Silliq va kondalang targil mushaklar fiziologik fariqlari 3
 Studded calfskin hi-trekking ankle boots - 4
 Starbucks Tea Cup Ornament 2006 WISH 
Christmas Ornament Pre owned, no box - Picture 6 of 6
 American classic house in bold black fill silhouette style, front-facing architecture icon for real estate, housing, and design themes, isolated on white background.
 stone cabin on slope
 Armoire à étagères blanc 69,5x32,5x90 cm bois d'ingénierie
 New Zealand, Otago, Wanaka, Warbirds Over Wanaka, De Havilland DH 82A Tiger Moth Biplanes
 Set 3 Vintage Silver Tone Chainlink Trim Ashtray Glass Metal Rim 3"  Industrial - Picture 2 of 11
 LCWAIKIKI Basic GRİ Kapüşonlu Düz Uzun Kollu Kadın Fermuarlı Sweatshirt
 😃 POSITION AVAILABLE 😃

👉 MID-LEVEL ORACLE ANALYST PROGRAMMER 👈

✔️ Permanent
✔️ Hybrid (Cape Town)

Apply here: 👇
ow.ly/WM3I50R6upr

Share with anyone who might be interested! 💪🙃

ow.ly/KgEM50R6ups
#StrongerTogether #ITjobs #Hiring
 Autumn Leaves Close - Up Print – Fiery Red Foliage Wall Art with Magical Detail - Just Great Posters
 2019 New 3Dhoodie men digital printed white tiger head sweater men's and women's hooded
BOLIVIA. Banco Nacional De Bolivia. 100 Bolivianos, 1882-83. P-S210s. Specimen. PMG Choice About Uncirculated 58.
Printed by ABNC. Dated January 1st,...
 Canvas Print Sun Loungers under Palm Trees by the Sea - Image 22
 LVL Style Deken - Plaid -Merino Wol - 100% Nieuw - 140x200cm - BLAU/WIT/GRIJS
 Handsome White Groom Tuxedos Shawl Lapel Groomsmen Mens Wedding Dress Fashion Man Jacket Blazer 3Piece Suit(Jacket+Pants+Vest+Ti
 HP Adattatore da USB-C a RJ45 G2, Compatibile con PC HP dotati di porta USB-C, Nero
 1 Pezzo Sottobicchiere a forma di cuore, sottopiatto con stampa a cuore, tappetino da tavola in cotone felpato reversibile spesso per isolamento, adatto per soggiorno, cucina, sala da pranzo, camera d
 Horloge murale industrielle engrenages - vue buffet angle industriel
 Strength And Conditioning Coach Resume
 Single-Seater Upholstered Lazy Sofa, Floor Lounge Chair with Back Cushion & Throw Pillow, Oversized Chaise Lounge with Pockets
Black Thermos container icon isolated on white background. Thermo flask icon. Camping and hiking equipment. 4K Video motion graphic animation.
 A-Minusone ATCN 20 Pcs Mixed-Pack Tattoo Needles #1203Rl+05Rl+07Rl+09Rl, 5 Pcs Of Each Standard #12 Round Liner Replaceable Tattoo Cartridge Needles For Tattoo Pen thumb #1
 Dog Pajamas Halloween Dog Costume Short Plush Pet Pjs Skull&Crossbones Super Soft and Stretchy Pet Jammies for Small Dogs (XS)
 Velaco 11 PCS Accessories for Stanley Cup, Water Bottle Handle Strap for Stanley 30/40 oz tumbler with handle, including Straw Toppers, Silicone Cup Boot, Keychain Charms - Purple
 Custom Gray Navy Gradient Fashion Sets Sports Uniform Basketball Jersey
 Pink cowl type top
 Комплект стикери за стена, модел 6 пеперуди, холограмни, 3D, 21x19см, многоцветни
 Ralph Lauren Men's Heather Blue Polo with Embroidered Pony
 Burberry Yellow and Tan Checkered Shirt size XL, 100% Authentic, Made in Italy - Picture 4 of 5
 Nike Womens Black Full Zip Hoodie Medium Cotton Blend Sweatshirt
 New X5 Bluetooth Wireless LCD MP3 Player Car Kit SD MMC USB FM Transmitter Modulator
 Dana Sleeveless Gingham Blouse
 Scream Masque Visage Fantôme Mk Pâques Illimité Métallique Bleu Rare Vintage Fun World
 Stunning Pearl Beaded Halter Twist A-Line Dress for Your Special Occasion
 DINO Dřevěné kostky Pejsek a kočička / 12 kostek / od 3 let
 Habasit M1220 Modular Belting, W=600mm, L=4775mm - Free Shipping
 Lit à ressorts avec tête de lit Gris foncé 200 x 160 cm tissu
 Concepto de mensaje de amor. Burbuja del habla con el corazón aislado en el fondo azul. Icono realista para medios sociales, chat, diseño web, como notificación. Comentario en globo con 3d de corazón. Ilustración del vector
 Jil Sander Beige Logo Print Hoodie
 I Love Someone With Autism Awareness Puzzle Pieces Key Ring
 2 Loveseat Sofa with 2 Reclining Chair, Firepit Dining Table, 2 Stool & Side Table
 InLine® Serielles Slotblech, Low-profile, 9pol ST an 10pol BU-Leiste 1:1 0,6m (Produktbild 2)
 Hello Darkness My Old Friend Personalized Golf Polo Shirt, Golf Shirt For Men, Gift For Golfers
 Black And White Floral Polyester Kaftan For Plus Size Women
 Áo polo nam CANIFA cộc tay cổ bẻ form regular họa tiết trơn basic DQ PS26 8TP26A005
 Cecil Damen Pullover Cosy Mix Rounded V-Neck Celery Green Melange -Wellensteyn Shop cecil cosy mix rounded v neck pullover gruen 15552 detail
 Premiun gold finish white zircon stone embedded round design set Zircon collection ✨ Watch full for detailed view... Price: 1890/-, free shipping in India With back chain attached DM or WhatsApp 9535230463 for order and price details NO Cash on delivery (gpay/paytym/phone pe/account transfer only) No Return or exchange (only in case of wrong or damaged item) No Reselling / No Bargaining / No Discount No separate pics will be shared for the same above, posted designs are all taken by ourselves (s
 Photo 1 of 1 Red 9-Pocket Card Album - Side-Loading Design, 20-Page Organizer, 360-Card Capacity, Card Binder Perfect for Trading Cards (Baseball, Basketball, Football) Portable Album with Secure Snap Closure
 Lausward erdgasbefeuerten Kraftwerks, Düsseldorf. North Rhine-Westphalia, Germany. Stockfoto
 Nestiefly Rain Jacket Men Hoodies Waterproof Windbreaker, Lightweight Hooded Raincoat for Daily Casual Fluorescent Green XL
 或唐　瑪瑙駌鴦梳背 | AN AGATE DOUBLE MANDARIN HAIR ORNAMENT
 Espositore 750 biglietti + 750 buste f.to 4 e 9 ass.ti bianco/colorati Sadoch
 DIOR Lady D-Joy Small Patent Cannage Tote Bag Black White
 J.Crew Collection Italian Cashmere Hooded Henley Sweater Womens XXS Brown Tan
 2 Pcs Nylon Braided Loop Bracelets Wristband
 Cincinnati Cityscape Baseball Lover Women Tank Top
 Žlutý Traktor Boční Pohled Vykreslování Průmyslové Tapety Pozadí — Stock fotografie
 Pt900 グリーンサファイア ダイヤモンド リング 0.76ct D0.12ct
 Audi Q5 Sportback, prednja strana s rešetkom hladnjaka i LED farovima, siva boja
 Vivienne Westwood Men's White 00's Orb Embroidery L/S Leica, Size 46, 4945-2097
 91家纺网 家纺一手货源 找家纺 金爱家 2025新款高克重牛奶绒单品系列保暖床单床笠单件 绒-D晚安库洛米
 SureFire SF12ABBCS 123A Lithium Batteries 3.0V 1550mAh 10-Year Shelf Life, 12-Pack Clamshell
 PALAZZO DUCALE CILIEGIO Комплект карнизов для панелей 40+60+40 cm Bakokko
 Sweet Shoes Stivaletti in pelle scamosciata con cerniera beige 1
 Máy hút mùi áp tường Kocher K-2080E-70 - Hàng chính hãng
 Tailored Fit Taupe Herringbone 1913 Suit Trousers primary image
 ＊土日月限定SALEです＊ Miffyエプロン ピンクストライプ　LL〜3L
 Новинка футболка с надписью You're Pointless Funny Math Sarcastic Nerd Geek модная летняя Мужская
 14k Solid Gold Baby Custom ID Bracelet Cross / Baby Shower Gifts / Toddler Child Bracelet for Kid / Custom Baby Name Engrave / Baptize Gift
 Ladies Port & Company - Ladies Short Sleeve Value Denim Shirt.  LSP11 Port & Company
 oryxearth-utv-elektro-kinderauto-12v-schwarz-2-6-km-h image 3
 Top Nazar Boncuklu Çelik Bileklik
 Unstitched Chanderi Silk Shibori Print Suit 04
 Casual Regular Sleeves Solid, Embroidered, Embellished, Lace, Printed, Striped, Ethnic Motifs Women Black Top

=== Task brief ===
Please reproduce the lines from the line with "ow.ly/KgEM50R6ups" to the line with "Black Thermos container", both ends included, exactly as they appear above.

=== Output ===
ow.ly/KgEM50R6ups
#StrongerTogether #ITjobs #Hiring
 Autumn Leaves Close - Up Print – Fiery Red Foliage Wall Art with Magical Detail - Just Great Posters
 2019 New 3Dhoodie men digital printed white tiger head sweater men's and women's hooded
BOLIVIA. Banco Nacional De Bolivia. 100 Bolivianos, 1882-83. P-S210s. Specimen. PMG Choice About Uncirculated 58.
Printed by ABNC. Dated January 1st,...
 Canvas Print Sun Loungers under Palm Trees by the Sea - Image 22
 LVL Style Deken - Plaid -Merino Wol - 100% Nieuw - 140x200cm - BLAU/WIT/GRIJS
 Handsome White Groom Tuxedos Shawl Lapel Groomsmen Mens Wedding Dress Fashion Man Jacket Blazer 3Piece Suit(Jacket+Pants+Vest+Ti
 HP Adattatore da USB-C a RJ45 G2, Compatibile con PC HP dotati di porta USB-C, Nero
 1 Pezzo Sottobicchiere a forma di cuore, sottopiatto con stampa a cuore, tappetino da tavola in cotone felpato reversibile spesso per isolamento, adatto per soggiorno, cucina, sala da pranzo, camera d
 Horloge murale industrielle engrenages - vue buffet angle industriel
 Strength And Conditioning Coach Resume
 Single-Seater Upholstered Lazy Sofa, Floor Lounge Chair with Back Cushion & Throw Pillow, Oversized Chaise Lounge with Pockets
Black Thermos container icon isolated on white background. Thermo flask icon. Camping and hiking equipment. 4K Video motion graphic animation.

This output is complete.